Bensam123 - Tuesday, July 21, 2020 - link
Despite how impressive this is, one thing that hasn't been tackled is still multiplayer performance and it vastly changes recommendations for CPUs (doesn't effect GPUs as much).It goes from recommending a 6 core chip hands down to trying to make a case for 4 core chips still in this day and age. I own a 3900x and 2800 and I can tell you hands down Modern Warfare will gobble 70% of that 12 core chip, sometimes a bit more, that's equivalent to maxing out a 8 core of the same series. That vastly changes recommendations and data points. It's not just Modern Warfare.
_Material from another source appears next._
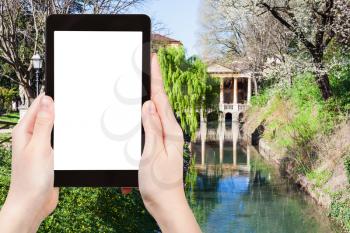 travel concept - tourist photographs public park Giardini Salvi (Garden of Valmarana Salvi) with Valmarana Loggia at canal of Seriola river in Vicenza city in spring on tablet with cut out screen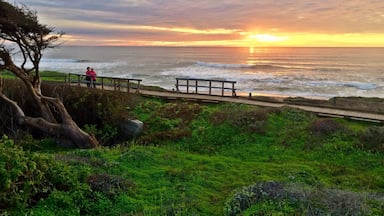 Um pôr do sol costeiro com uma passarela de madeira e pessoas observando o oceano.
Overwatch, Black Ops 3(same engine as MW), and recently Hyper Scape will will make use of those extra cores. I have a widget to monitor CPU utilization in the background and I can check Task Manager. If I had a better video card I'm positive it would've sucked down even more of those 12 cores (my GPU is running at 100% load according to MSI AB).
This is a huge deal and while I understand, I get it, it's hard to reliably reproduce the same results in a multiplayer environment because it changes so much and generally seen as taboo from a hardware benchmarking standpoint, it is vastly different then singleplayer workloads to the point at which it requires completely different recommendations. Given how many people are making expensive hardware choices specifically because they play multiplayer games, I would even say most tech reviews in this day and age are irrelevant for CPU recommendations outside of the casual single player gamer. GPU recommendations are still very much on par, CPU is not remotely.
I talk about this frequently on my stream and why I still recommended the 1600 AF even when it was sitting at $105-125, it's a steal if you play multiplayer games, while most people that either read benchmarking websites or run benchmarks themselves will start making a case for a 4c Intel. 6 core is a must at the very least in this day and age.
Anandtech it's time to tread new ground and go into the uncharted area. Singleplayer results and multiplayer results are too different, you can't keep spinning the wheel and expect things to remain the same. You can verify this yourself just by running task manager in the background while playing one of the games I mentioned at the lowest settings regardless of being able to repeat those results exactly you'll see it's definitely a multi-core landscape for newer multiplayer games.
Not even touched on in the article.
Bensam123 - Tuesday, July 21, 2020 - link
70%, I have SMT off for clarification.